### Supplied material
◇ ◇ ◇ ◇ ◇
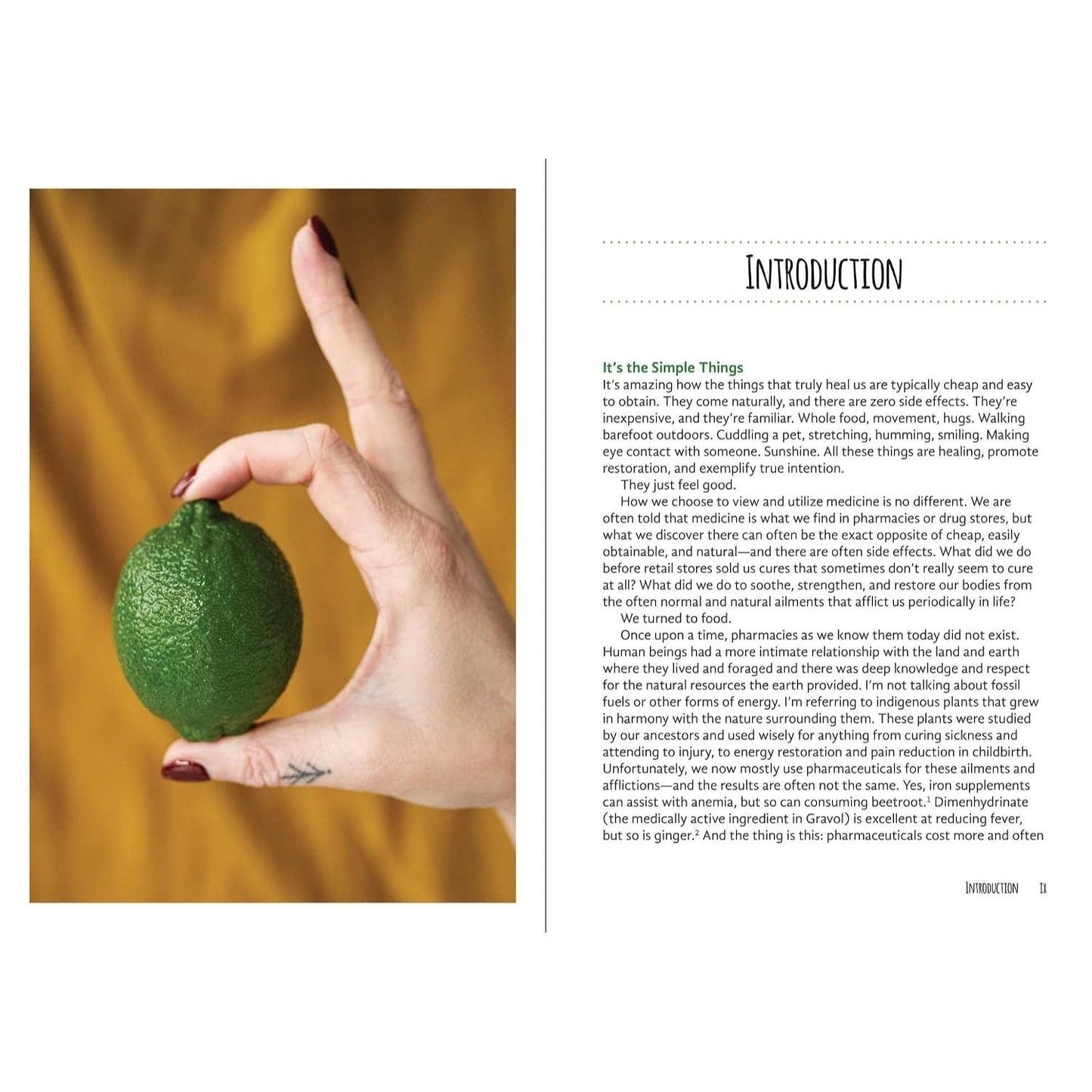 Good Living Guide to Healing Drinks: Juices, Smoothies, Broths & Herbal Teas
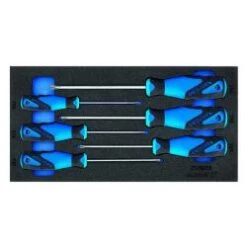 Schraubendreher-Satz - Innen-Torx®mit Stift - In Check-Tool-Einlage - 6-teilig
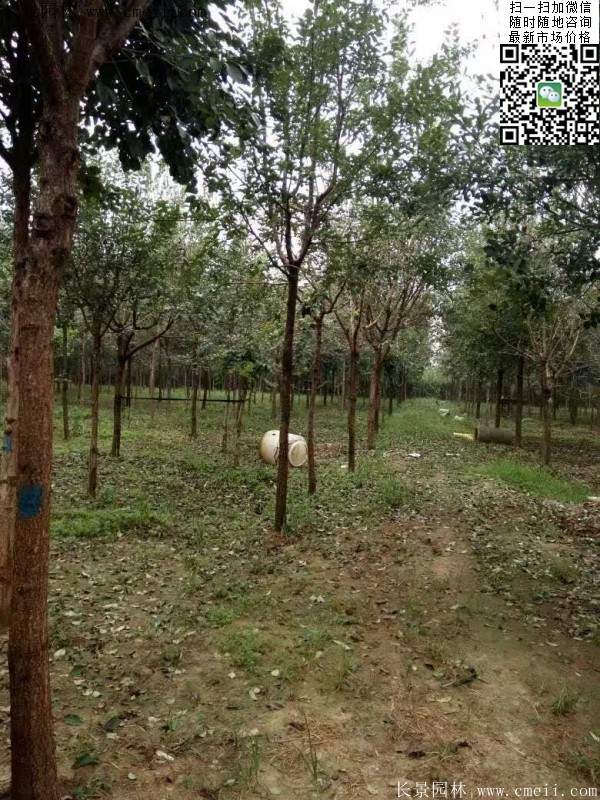 流蘇樹照片 流蘇樹照片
◇ ◇ ◇ ◇ ◇
### Instructions to follow
Whenever a line holds a picture, print that line without the picture. All other data must be output exactly.

### Reply to the exercise
 Good Living Guide to Healing Drinks: Juices, Smoothies, Broths & Herbal Teas
 Schraubendreher-Satz - Innen-Torx®mit Stift - In Check-Tool-Einlage - 6-teilig
 流蘇樹照片 流蘇樹照片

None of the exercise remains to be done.